September 20, 2013
Dear Everyone:
I’m still getting used to the freedom of not working.
It’s marvelous how stress-reducing it can be.
Plus, I have time to watch movies.
Last weekend, “Jeannie” decided we should see
The Family.
In a way, this is a kind of modern fairy tale.
Once upon a time there was an American
Mafia family who turned
state’s evidence against friends and kin, got into the
Witness
Protection Program and, for some unfathomable reason, got dumped in
Normandy, France. That’s
pretty much it.
Apparently, the director, who greatly admires
Martin Scorsese, decided
to make a French film, in English, about an American gangster family in
France. And, if he could
just get Michelle Pfeiffer and
Robert De Niro to play the mother and
father, well, that would be a “dream come true”.

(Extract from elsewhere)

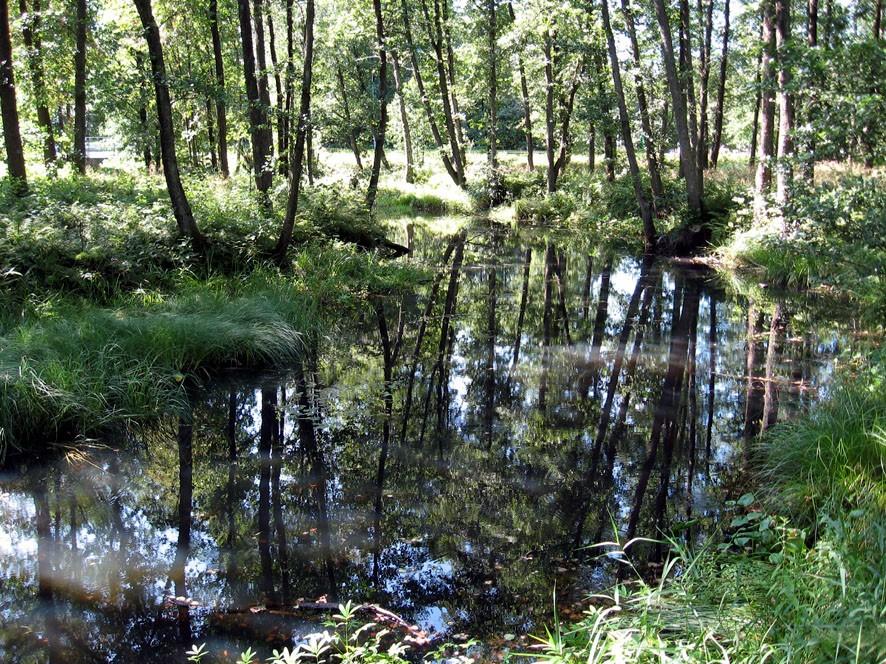 masktäthet på 0,5 x 0,5 mm. Även intilliggande vegetation och områden med fuktig jord genomsöktes för att hitta nedgrävda snäckor.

So there we all are, in the director’s dream world, trying to make sense
of it. It’s billed as an
“action comedy”, but there’s nothing really comic about it.
In Shakespeare’s day, a play was either a Tragedy or a Comedy (or
an Historical). The
difference between a Tragedy and a Comedy was in the number of
characters who died in the play.
So, for instance, The Merchant of Venice counts as a Comedy because no one dies,
although Shylock wasn’t exactly laughing his head off at the end.
However, by this criteria, The
Family can’t count as a “Comedy” because there is a significant
number of dead bodies lying around by the time it finishes.
De Niro and Pfeiffer drag out their best “New Yawk” accents.
Tommy Lee Jones hangs on his “I’m old and tired of all this”
face, but it’s getting a little routine these days.
There are a number of scenes in which the “New Yawkers” revert to type,
blowing something or somebody up, but you’re never quite sure if it’s
really happening or just a daydream.
The director’s daydream.
It may come up for some awards next spring, but it’s worth
skipping for now.
Not working means that I can decide to see a movie just about any day of
the week, if I want to. So I
went to see The Butler.
Only that’s not what it’s called.
Technically, it’s
Lee Daniel’s The
Butler.
Why is it “Lee Daniel’s The Butler”
instead of just “The Butler”?
Apparently, Warner Bros released a silent short film entitled
The Butler in 1916 and someone
feared that people would confuse the two movies.
(Really?) So it was
agreed to add the director’s name in front, as long as it was no more
than 75% the size of the actual name of the movie.
They even wrote that into the contract.
I wondered why this film was released in August.
Typically, this is Hollywood’s “dumping ground”, when they get
rid of movies that weren’t expected to do well in the summer, and before
the beginning of “Oscar Season”, when they bring out the big guns.
Lee Daniel, by the way, is one of those
Hollywood
Renaissance Men, an
actor,
producer and
director.
He produced such movies as
Monster’s Ball, which won
Halle Berry her
Best Actress Award, and
directed the unfortunately-named
Precious: Based on the Novel
“Pushed” by Sapphire, which received a lot of notice at the 2010
Academy Awards.
Interestingly, the screenplay was “inspired” by an article in the
Washington Post. Even
more interesting, it was written by
Danny Strong (who had a cameo in the
newer Butler movie.)
If the name seems vaguely familiar, you may have seen the TV
Series,
Buffy the Vampire Slayer.
Strong played a repeat character named “Jonathan”.
Since then, he seems to be blossoming into a Renaissance Man
himself. This is the second
screenplay of his that has made it to the screen, no small
accomplishment in itself.
As for the film: It follows
the life of a man named Cecil Gaines from his early childhood in rural
Georgia in the 1920’s through his career as a
butler in the
White House,
culminating in the inauguration of
Barack Obama.
With that broad a canvas, the best the movie can do is present a
series of scenes:
Cecil experiences racial injustice as a child.
Cecil grows up, gets a job, gets married, has kids.
Cecil is denied equal pay for equal work, even in the White
House. Cecil’s kids get
involved in the
Civil Rights Movement.
Cecil sees a lot of
Presidents and
First Ladies, all portrayed by
great actors. Sixty years’
worth of social evolution pass by in just under two hours.
On the fun side:
Robin
Williams as
Dwight Eisenhower.
Jane Fonda as
Nancy Reagan.
And I especially loved
Alan Rickman’s
Ronald Reagan.
But don’t blink; it goes by pretty quickly.
And then there’s the
set decoration and
costuming, which may just show
up in next year’s Oscars show.
For the younger generation:
Yes, we really did
wear those clothes (and that hair!!!) in the 1970s.
It seemed like a good idea at the time.